- **PROBLEM TO SOLVE**: Retype the lines below exactly, but only those from the line that has "Hamburguesa Chacarero gourmet" through the line that has "3 With Shared". Omit every picture.

- **MATERIAL PROVIDED**:

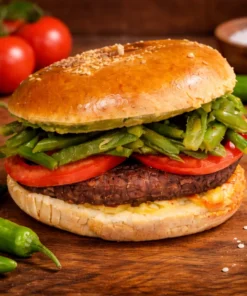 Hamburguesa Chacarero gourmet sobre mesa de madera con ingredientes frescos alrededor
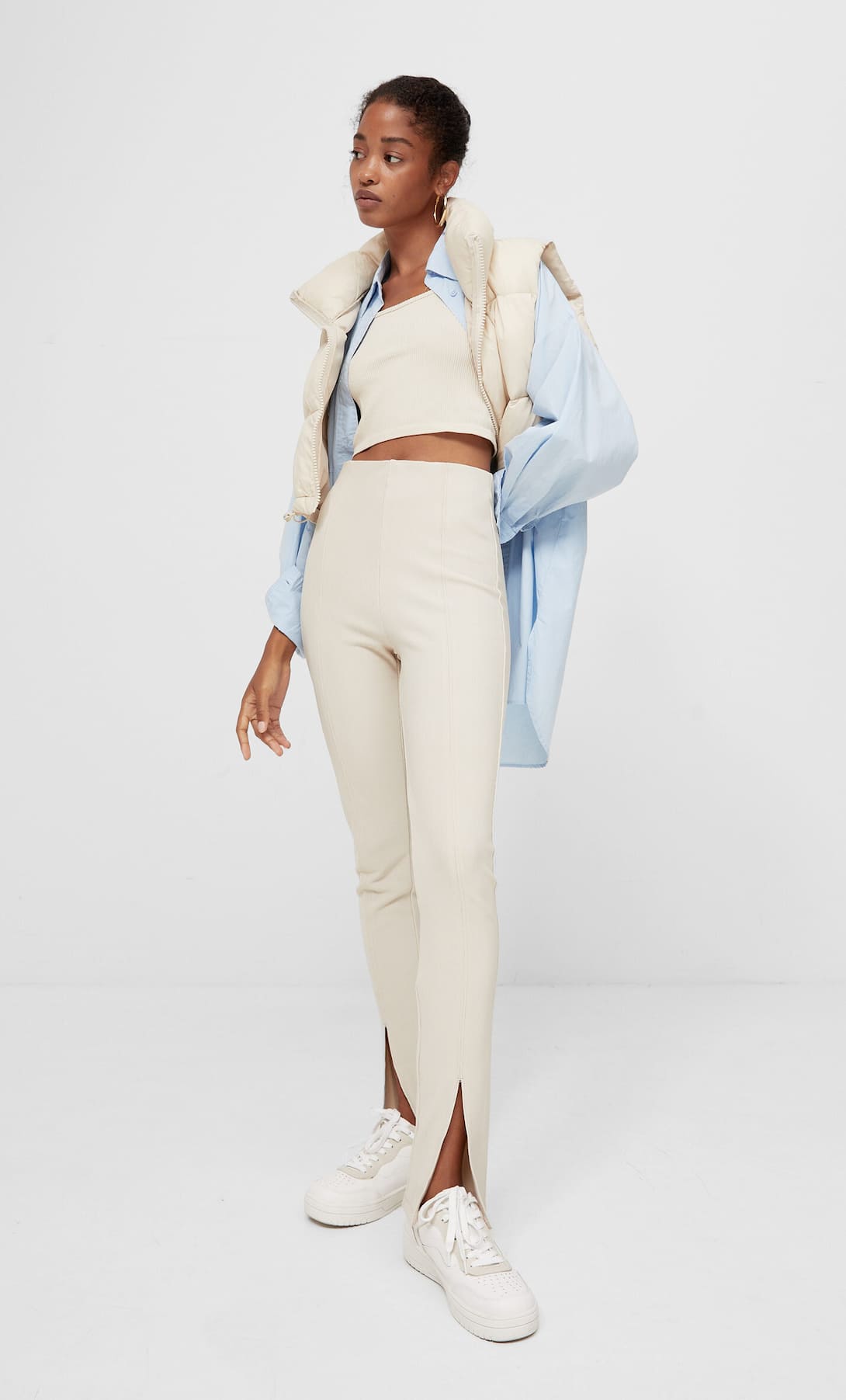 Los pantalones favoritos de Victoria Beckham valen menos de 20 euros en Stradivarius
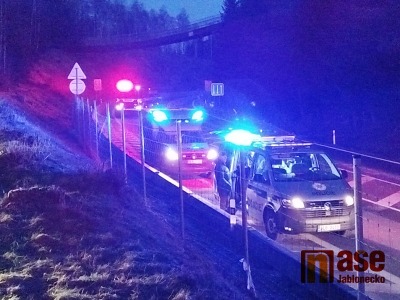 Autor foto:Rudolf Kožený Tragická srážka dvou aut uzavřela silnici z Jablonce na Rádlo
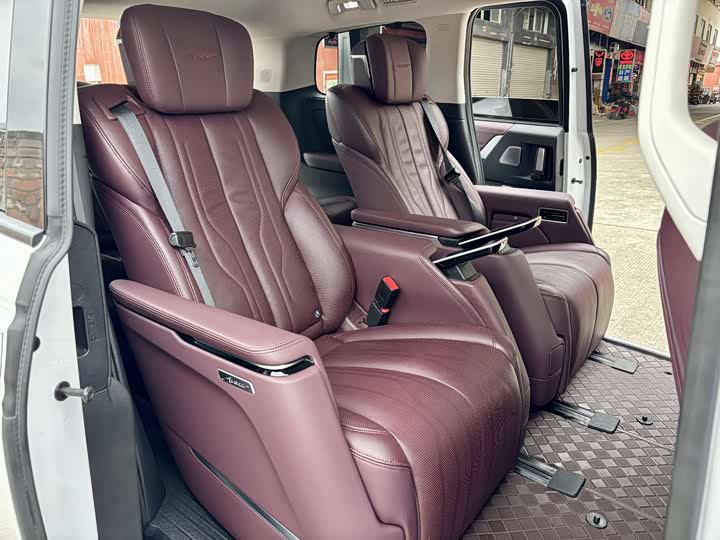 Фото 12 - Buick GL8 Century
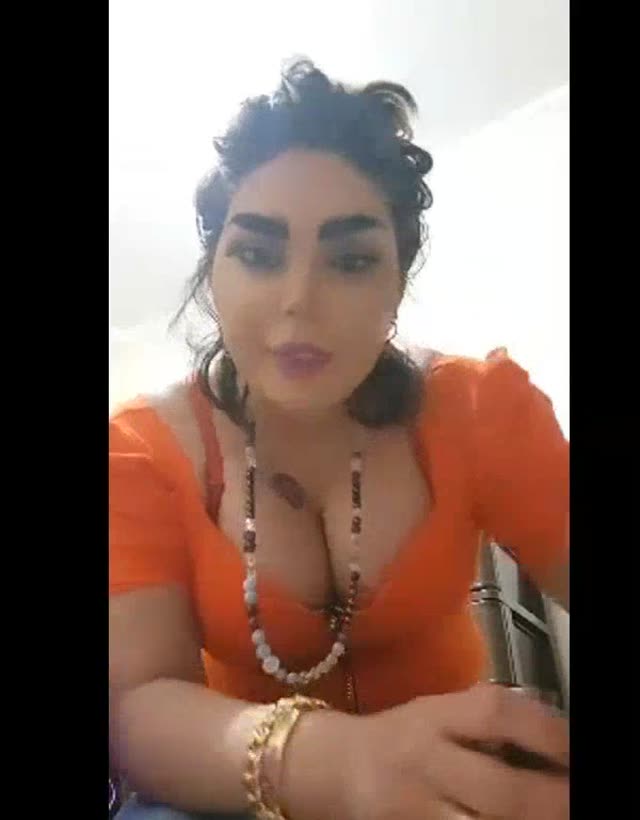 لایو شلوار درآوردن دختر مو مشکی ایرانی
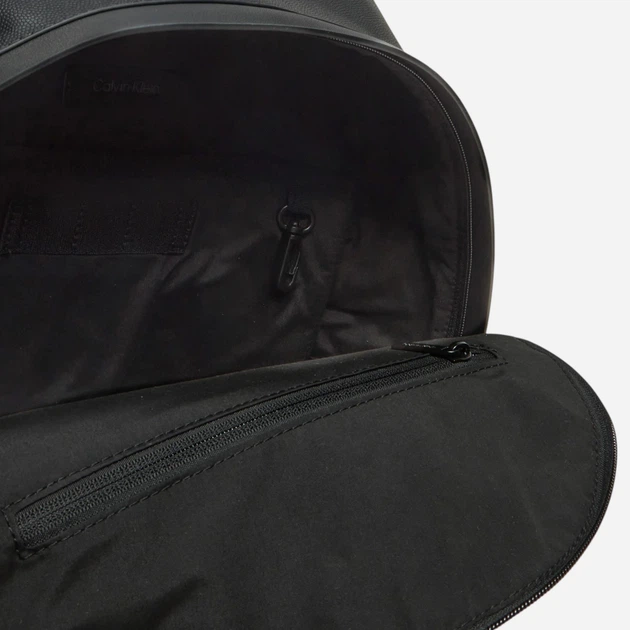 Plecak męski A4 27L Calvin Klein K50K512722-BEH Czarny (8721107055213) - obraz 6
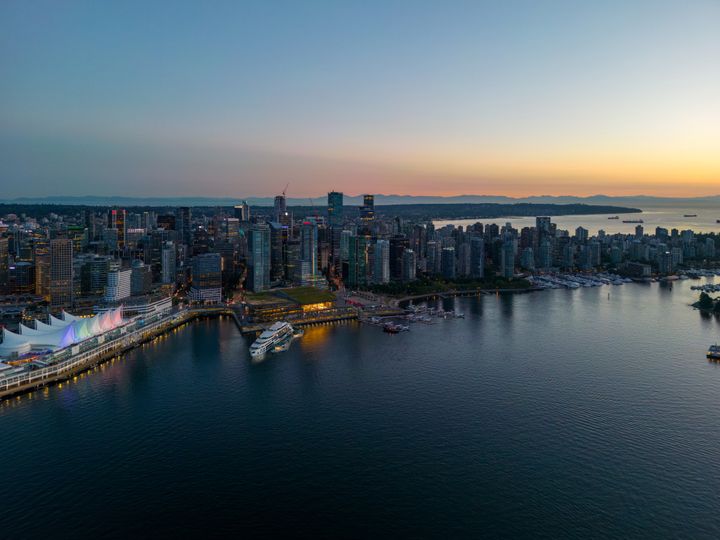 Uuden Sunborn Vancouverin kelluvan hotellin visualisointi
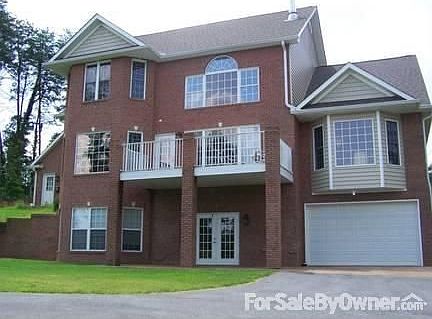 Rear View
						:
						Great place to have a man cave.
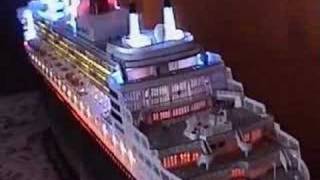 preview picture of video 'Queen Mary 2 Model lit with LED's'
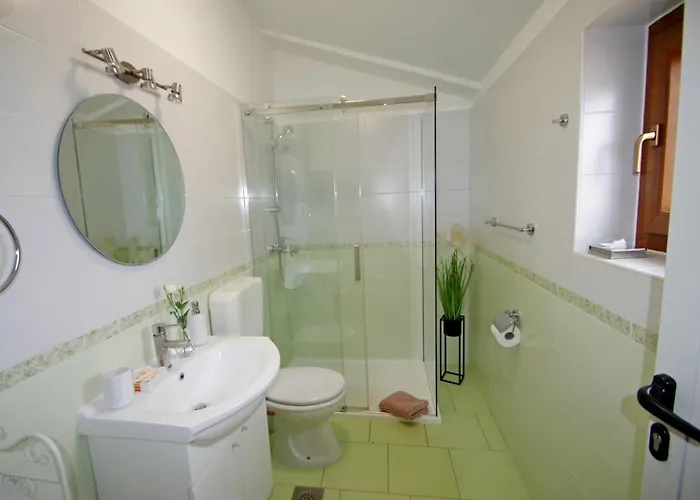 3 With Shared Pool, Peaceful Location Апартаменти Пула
==
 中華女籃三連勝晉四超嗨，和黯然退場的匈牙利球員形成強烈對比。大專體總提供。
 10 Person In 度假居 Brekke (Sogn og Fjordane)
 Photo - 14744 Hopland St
--
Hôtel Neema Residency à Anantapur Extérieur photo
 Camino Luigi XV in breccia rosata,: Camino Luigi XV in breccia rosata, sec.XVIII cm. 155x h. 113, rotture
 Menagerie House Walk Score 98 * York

- **ANSWER TO THE PROBLEM**:
 Hamburguesa Chacarero gourmet sobre mesa de madera con ingredientes frescos alrededor
 Los pantalones favoritos de Victoria Beckham valen menos de 20 euros en Stradivarius
 Autor foto:Rudolf Kožený Tragická srážka dvou aut uzavřela silnici z Jablonce na Rádlo
 Фото 12 - Buick GL8 Century
 لایو شلوار درآوردن دختر مو مشکی ایرانی
 Plecak męski A4 27L Calvin Klein K50K512722-BEH Czarny (8721107055213) - obraz 6
 Uuden Sunborn Vancouverin kelluvan hotellin visualisointi
 Rear View
						:
						Great place to have a man cave.
 preview picture of video 'Queen Mary 2 Model lit with LED's'
 3 With Shared Pool, Peaceful Location Апартаменти Пула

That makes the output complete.